On the other hand, I tried to change the offset of steps from mutiplying 2 in each iteration to add 1 in each iteration, it still slow down when step = 4KiB.
Code
#define ARRAY_SIZE (4200)
void access_array(char* arr, int steps)
{
const int loop_cnt = 1024 * 1024 * 32; // arbitary loop count
int idx = 0;
for (int i = 0; i < loop_cnt; i++)
{
arr[idx] += 10;
idx = idx + steps;
if(idx >= ARRAY_SIZE)
idx = 0;
}
}
for(int step = 4090 ; step <= 4100 ; step ++){
char* arr = new char[ARRAY_SIZE];
for(int i = 0 ; i < ARRAY_SIZE ; i++){
arr[i] = 0;
}
gettimeofday(&start, NULL); // get start clock
access_array(arr, step);
gettimeofday(&end, NULL); // get end clock
cpu_us_used = 1000000 * (end.tv_sec - start.tv_sec) + (end.tv_usec - start.tv_usec);
cout << step << " , " << cpu_us_used << endl;
delete[] arr;
}
Result
4090 , 48385
4091 , 48497
4092 , 48136
4093 , 48520
4094 , 48090
4095 , 48278
4096 , **51818**
4097 , 48196
4098 , 48600
4099 , 48185
4100 , 63149
As a result, I suspected it's not related to any of cache / TLB / prefetch mechanism.
With more and more googling the relation ship between performance and magic number "4K", I have found the 4K aliasing problem on Intel Platform, which slows down the performance of load.
This occurs when a load is issued after a store and their memory addresses are offset by (4K).
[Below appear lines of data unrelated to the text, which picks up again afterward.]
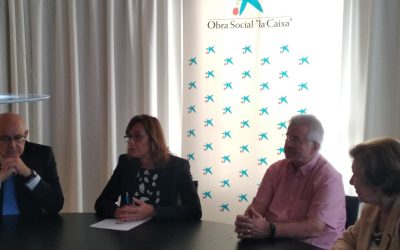 Salesianos Zaragoza firma un convenio de colaboración con Fundación “la Caixa”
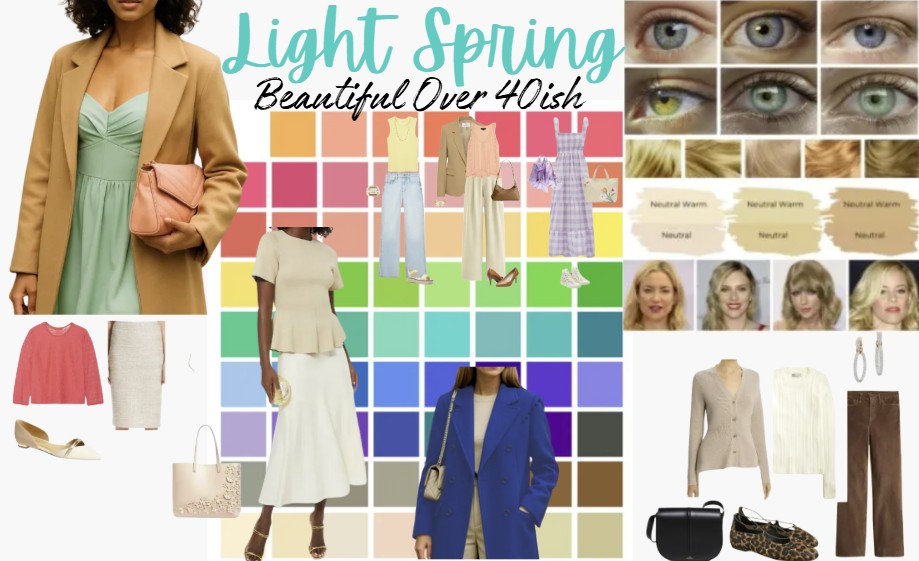 How to Style Light Spring Outfits, Palette Ideas for 2025 Intro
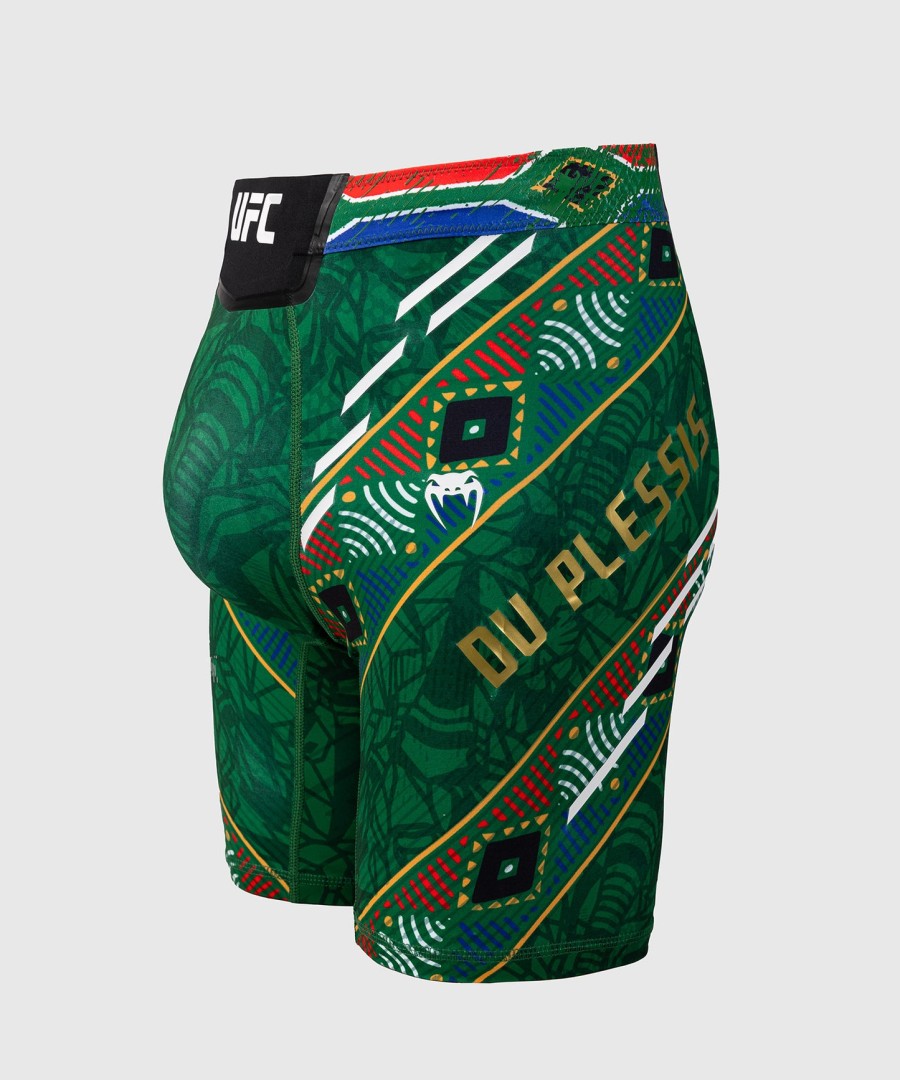 men ufc uovertruffen af venum green dricus du plessis vale tudo short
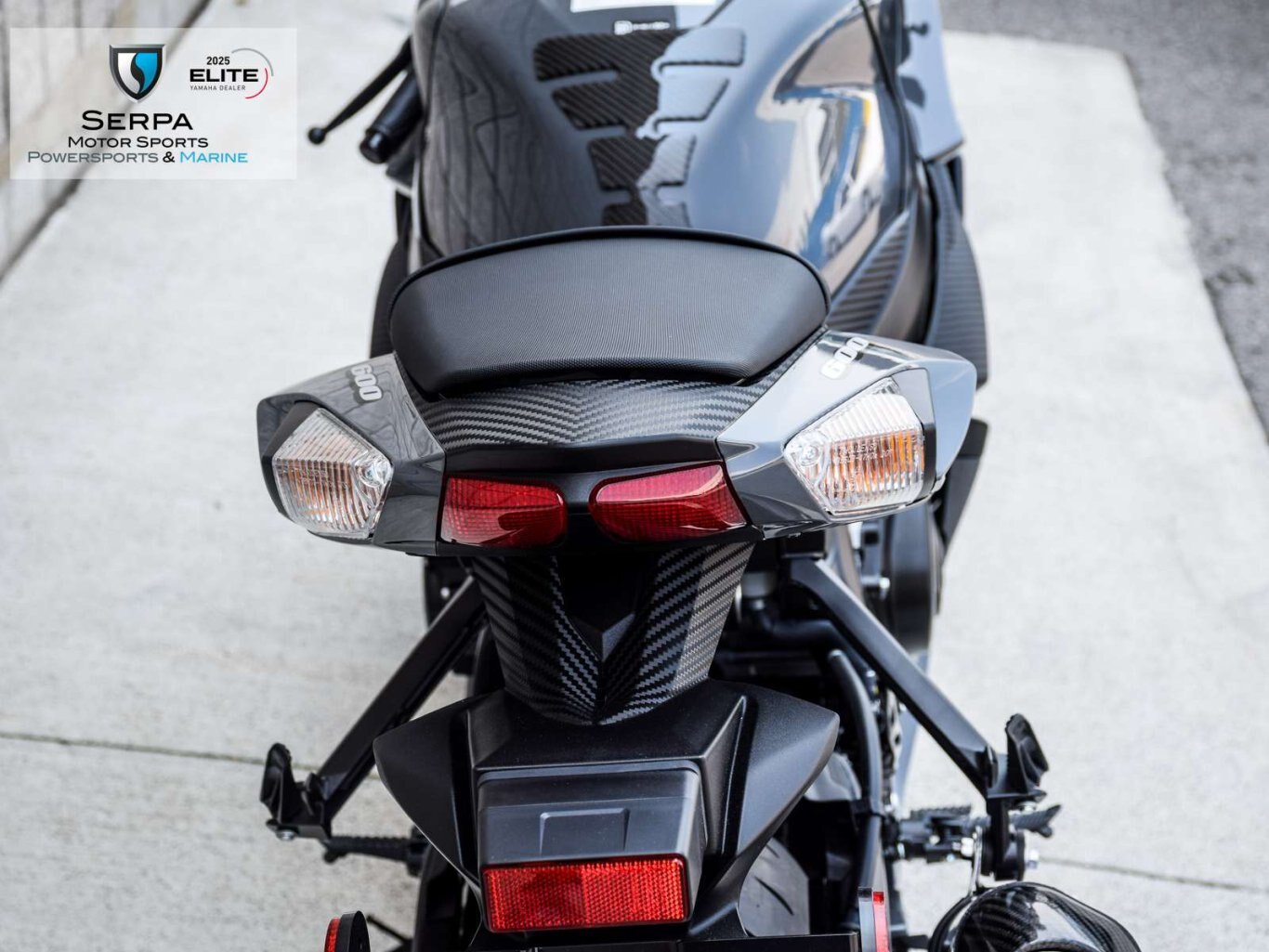 2025 Suzuki GSX R 600 WITH YOSHIMURA EXHAUST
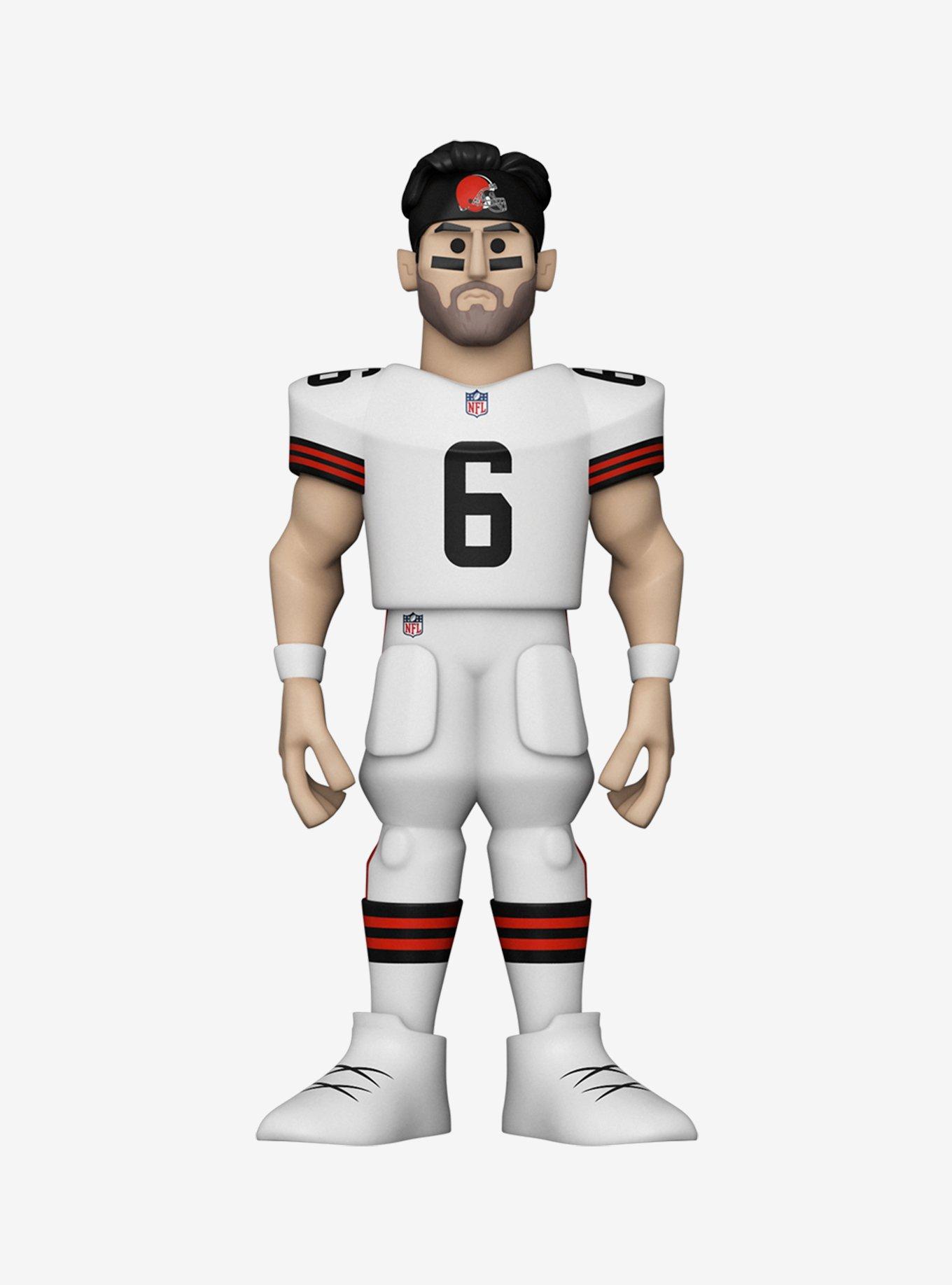 Funko Gold NFL Cleveland Browns Baker Mayfield Premium Vinyl Figure, , alternate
When this is processed in the pipeline, the issue of the load will match the previous store (the full address is not used at this point), so pipeline will try to forward the results of the store and avoid doing the load (this is store forwarding). Later on when the address of the load is fully resolved, it will not match the store, and so the load will have to be re-issued from a later point in the pipe. This has a 5-cycle penalty in the normal case, but could be worse in certain situations, like with un-aligned loads that span 2 cache lines.